I tend to be down on Netflix original movies, but that's a stance heavily coloured by their would-be blockbuster attempts - the shit they put out with Snyder or the Russo brothers, for example. But in their eternal hunger for ever more content, they've also done the world a favour giving money to, say, German or Spanish martial artists to fund their action epics, not to mention giving funding to people like Jeremy Saulnier and Pablo Larrain, or snatching interesting projects like Nimona from oblivion.
This is a really roundabout way to say I really appreciate it when they use the some chump change (from the money they got by breaking movie business with their unsustainable practices) to help get stuff like Errementari made.
The title sounds like the beginning of a racist joke, but it just means Blacksmith in Basque; It refers to a scattering of ancient European folk tales (according to some ethnographers, one of the oldest known) about a blacksmith who makes a deal with hell and ends up getting the better of old scratch.
The blacksmith in question is Patxi (Kandido Uranga); A man so evil, so cruel, the animated prelude informs us, that the devil himself would learn to fear him. He spends a good part of the first act off-screen, an ogre-like hermit cooped up in his old smithy.
The film instead follows some of the regulars of the local inn as they try and help a visiting government official (Ramón Agirre) in locating some gold the smith was said to have stolen during the first Carlist war - and also Usue (Uma Bracaglia), a little bullied girl who may have some relationship to the old man.

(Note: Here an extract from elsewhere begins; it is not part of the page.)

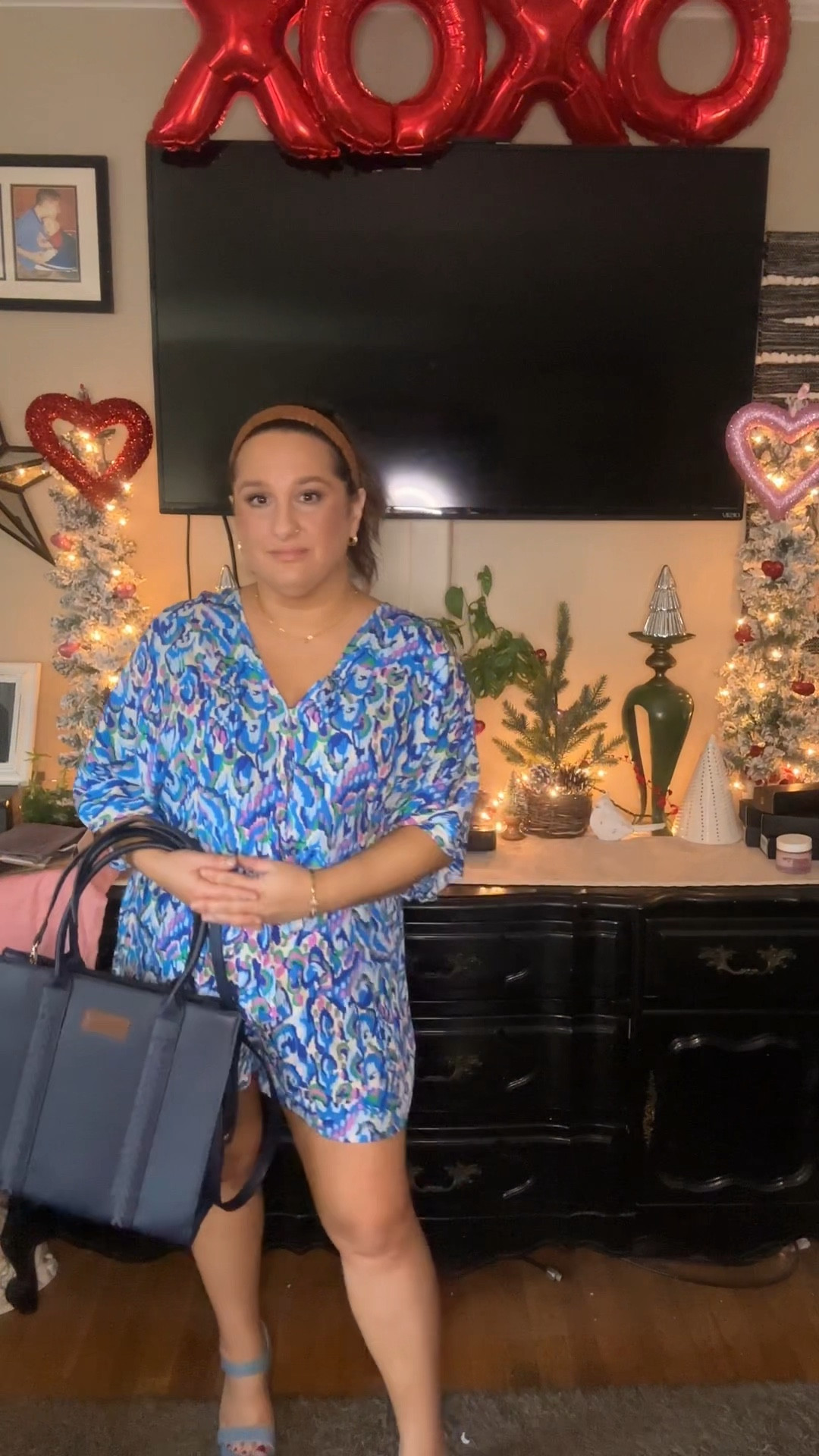 Love love love this Romper by Cupshe. True to size. I got a size L and I’m around a size 12 34dd 5ft 

#LTKSpringSale #LTKover40 #LTKmidsize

The inn crowd runs afoul of Patxi soon enough, setting the residents of the small town in a collision course with him. Usue, meanwhile, steals away into the smithy, and ends up freeing the demon the Smith had imprisoned in an iron cage. Oops!
The script (by director Paul Urkijo Alijo and Asier Guerricaechebarría) is all over the place, especially in the early going, but the shambolic structure helps give the film a strangely offbeat, authentic feel, and when things go to hell (figuratively at first, then literally) it's hard to predict where the story is going. But the focus remains on the characters and their destination is, thank goodness, hugely satisfying - I have a lot of time for a movie that manages to juggle sweetness and badassery.
It never even attempts being scary, but that's ok - this is horror only by default, and it's better to think of it as dark fantasy or even a fairy tale. It certainly looks like one. Colours are tightly controlled - it looks a little fake in one or two shots, but most of the time it's beautiful; The movie owns its artificiality. Paul Urkijo Alijo and cinematographer Gorka Gómez Andreu also use non-standard framing to make things feel a little mythical; For example, I love a scene that tracks Usue as sneaks into a room, but she's in the background, out of focus - the camera stays on the smith's sleeping face throughout. It feels like a scene out of Jack and the Beanstalk. And as you'd expect out of a dark fairy tale, the film also takes some visual cues from Guillermo Del Toro.
But things never get quite as dark as its closest touchstone, Pan's Labyrinth. There's quite a bit of humour threaded throughout: some of it home-baked (got to love those ubiquitous bear traps), some of it courtesy of a faithful display of the visual wit of medieval demonology (expect faces in inappropriate places). The themes are heavy, but not too much so, and while it's rooted in medieval Christianism there are more than a few welcome modern touches, such as the Sandman-like detail that human souls go to hell because they want to be punished.
The effects are excellent for the modest budget - a mixture of really great makeup with digital touch-ups for that signature Bosch/Bruegel look. The acting is mostly strong - there are a couple of iffy child actors, and it took me a while to warm up to Bracaglia's Usue, but I was fully on-board with her soon enough. What kept throwing me off, as a native Spanish speaker, is that the Basque language falls into a sort of uncanny valley where it really sounds like Spanish but I couldn't make out a single word. Pretty disconcerting, but obviously neither a major problem nor something I can blame on anyone but myself.
Despite a slow start, this was a lovely treat - imaginative, unique, and affecting - an idiosyncratic take on a folk tale, tweaked for modern sensibilities but fairly faithful to the mostly medieval mindset that spawned it. Well... except for a certain sympathy for the devils, but that's a given in these degenerate, godless times.